* [Your instructions]
From the entries that follow, copy exactly the lines beginning at the line holding "Medieval Halloween Costumes" and continuing through the line holding "Netherlands Soccer Shield".
+-------+
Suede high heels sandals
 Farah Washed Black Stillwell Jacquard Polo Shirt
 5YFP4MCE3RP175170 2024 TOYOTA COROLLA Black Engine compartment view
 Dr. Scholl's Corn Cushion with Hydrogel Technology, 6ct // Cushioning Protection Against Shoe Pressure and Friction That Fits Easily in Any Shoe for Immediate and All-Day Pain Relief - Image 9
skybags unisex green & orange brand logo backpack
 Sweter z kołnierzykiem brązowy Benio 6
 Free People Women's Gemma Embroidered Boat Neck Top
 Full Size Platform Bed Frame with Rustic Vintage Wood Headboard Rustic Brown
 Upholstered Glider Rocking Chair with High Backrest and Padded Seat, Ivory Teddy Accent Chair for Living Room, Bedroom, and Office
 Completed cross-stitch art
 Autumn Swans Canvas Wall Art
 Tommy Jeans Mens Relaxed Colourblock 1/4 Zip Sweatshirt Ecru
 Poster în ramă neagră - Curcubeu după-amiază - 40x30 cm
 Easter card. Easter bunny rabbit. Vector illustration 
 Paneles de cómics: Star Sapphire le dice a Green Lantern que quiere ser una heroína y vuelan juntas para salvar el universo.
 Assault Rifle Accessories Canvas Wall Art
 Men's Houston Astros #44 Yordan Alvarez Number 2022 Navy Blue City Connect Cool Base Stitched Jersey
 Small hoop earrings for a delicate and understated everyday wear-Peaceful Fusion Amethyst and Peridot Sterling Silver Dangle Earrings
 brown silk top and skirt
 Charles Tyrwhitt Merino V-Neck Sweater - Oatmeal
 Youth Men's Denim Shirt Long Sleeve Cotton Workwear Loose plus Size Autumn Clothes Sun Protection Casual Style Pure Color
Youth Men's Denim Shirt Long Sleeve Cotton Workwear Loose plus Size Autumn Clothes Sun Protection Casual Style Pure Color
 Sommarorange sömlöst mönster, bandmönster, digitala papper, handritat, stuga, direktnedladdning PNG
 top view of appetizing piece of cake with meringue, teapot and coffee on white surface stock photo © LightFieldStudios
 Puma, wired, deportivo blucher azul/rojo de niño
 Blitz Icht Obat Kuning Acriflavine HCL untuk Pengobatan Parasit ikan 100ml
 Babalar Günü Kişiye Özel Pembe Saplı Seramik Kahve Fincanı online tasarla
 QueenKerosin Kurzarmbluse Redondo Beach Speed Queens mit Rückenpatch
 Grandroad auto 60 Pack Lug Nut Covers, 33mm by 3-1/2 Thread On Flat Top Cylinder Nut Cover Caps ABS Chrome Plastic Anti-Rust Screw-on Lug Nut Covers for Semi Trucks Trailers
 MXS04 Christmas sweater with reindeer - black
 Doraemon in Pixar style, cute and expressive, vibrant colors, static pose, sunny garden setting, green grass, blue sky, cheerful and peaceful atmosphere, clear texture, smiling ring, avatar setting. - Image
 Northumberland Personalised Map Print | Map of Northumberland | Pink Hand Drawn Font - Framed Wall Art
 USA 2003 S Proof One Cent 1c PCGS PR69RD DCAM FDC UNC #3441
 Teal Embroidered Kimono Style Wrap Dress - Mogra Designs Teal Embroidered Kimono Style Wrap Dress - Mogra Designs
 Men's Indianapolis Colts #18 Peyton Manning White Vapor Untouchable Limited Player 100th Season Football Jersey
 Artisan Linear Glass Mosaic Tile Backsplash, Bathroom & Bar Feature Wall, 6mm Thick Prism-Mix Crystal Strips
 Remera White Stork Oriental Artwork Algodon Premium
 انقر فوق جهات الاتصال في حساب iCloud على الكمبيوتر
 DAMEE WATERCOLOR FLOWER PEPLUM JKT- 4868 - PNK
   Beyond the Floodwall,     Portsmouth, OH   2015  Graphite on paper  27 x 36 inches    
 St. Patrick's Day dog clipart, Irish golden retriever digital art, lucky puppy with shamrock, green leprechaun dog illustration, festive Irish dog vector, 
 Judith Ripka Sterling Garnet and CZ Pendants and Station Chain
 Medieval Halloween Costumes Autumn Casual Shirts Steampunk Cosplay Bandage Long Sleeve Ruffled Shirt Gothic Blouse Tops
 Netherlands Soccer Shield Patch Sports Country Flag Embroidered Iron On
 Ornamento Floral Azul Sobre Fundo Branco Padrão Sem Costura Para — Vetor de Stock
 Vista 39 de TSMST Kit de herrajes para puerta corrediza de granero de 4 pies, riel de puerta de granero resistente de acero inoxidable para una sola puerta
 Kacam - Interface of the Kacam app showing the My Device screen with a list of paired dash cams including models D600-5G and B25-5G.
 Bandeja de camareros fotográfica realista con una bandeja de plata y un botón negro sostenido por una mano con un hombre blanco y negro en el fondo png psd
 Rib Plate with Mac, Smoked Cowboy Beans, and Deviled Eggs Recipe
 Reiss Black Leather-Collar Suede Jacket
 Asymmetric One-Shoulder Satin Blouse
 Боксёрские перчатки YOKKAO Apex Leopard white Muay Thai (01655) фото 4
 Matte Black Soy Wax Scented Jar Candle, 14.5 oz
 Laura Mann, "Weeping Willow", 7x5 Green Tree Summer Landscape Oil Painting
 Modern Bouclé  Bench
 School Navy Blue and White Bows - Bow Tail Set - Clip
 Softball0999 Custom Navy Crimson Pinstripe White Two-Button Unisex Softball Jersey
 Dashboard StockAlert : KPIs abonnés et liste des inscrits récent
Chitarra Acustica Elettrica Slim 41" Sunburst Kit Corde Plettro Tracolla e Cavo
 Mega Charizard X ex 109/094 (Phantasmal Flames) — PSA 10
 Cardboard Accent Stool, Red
+-------+
* [Response to the exercise]
 Medieval Halloween Costumes Autumn Casual Shirts Steampunk Cosplay Bandage Long Sleeve Ruffled Shirt Gothic Blouse Tops
 Netherlands Soccer Shield Patch Sports Country Flag Embroidered Iron On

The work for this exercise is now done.